* [Work instruction] Give back every entry in full, exactly as it reads.

Web page caption snippets:

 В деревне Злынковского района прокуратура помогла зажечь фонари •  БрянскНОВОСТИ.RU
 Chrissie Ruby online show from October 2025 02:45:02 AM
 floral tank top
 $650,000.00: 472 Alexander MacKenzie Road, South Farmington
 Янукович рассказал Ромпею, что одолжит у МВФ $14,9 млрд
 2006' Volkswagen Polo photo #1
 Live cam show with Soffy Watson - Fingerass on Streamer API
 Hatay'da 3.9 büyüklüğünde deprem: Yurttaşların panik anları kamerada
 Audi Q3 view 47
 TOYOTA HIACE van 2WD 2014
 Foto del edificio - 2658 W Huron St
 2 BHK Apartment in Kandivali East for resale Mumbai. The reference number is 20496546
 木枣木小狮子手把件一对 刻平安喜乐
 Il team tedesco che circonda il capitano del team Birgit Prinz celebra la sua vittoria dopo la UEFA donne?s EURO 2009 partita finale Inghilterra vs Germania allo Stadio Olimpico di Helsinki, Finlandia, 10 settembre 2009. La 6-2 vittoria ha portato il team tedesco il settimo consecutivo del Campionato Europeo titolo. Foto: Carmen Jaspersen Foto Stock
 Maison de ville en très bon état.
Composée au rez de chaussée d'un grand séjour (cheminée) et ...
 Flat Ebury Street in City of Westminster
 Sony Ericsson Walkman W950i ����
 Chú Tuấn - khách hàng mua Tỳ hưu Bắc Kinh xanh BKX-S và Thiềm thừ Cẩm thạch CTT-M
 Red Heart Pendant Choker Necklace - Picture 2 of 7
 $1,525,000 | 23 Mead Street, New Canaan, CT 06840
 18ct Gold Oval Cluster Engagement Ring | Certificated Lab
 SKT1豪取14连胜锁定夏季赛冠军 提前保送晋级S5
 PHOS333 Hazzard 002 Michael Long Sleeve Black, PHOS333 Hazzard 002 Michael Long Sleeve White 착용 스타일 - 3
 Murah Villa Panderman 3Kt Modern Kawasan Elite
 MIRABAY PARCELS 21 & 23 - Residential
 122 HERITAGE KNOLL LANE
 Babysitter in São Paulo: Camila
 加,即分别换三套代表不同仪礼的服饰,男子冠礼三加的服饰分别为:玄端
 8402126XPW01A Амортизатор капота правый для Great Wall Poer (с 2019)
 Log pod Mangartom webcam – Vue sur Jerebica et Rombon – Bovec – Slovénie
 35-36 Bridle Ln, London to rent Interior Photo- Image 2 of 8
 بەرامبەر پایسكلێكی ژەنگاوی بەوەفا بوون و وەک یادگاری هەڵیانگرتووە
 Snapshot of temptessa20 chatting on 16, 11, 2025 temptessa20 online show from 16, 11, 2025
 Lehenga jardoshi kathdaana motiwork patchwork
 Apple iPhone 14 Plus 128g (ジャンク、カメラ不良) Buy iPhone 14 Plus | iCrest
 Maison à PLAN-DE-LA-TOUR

* [The completed task]
 В деревне Злынковского района прокуратура помогла зажечь фонари •  БрянскНОВОСТИ.RU
 Chrissie Ruby online show from October 2025 02:45:02 AM
 floral tank top
 $650,000.00: 472 Alexander MacKenzie Road, South Farmington
 Янукович рассказал Ромпею, что одолжит у МВФ $14,9 млрд
 2006' Volkswagen Polo photo #1
 Live cam show with Soffy Watson - Fingerass on Streamer API
 Hatay'da 3.9 büyüklüğünde deprem: Yurttaşların panik anları kamerada
 Audi Q3 view 47
 TOYOTA HIACE van 2WD 2014
 Foto del edificio - 2658 W Huron St
 2 BHK Apartment in Kandivali East for resale Mumbai. The reference number is 20496546
 木枣木小狮子手把件一对 刻平安喜乐
 Il team tedesco che circonda il capitano del team Birgit Prinz celebra la sua vittoria dopo la UEFA donne?s EURO 2009 partita finale Inghilterra vs Germania allo Stadio Olimpico di Helsinki, Finlandia, 10 settembre 2009. La 6-2 vittoria ha portato il team tedesco il settimo consecutivo del Campionato Europeo titolo. Foto: Carmen Jaspersen Foto Stock
 Maison de ville en très bon état.
Composée au rez de chaussée d'un grand séjour (cheminée) et ...
 Flat Ebury Street in City of Westminster
 Sony Ericsson Walkman W950i ����
 Chú Tuấn - khách hàng mua Tỳ hưu Bắc Kinh xanh BKX-S và Thiềm thừ Cẩm thạch CTT-M
 Red Heart Pendant Choker Necklace - Picture 2 of 7
 $1,525,000 | 23 Mead Street, New Canaan, CT 06840
 18ct Gold Oval Cluster Engagement Ring | Certificated Lab
 SKT1豪取14连胜锁定夏季赛冠军 提前保送晋级S5
 PHOS333 Hazzard 002 Michael Long Sleeve Black, PHOS333 Hazzard 002 Michael Long Sleeve White 착용 스타일 - 3
 Murah Villa Panderman 3Kt Modern Kawasan Elite
 MIRABAY PARCELS 21 & 23 - Residential
 122 HERITAGE KNOLL LANE
 Babysitter in São Paulo: Camila
 加,即分别换三套代表不同仪礼的服饰,男子冠礼三加的服饰分别为:玄端
 8402126XPW01A Амортизатор капота правый для Great Wall Poer (с 2019)
 Log pod Mangartom webcam – Vue sur Jerebica et Rombon – Bovec – Slovénie
 35-36 Bridle Ln, London to rent Interior Photo- Image 2 of 8
 بەرامبەر پایسكلێكی ژەنگاوی بەوەفا بوون و وەک یادگاری هەڵیانگرتووە
 Snapshot of temptessa20 chatting on 16, 11, 2025 temptessa20 online show from 16, 11, 2025
 Lehenga jardoshi kathdaana motiwork patchwork
 Apple iPhone 14 Plus 128g (ジャンク、カメラ不良) Buy iPhone 14 Plus | iCrest
 Maison à PLAN-DE-LA-TOUR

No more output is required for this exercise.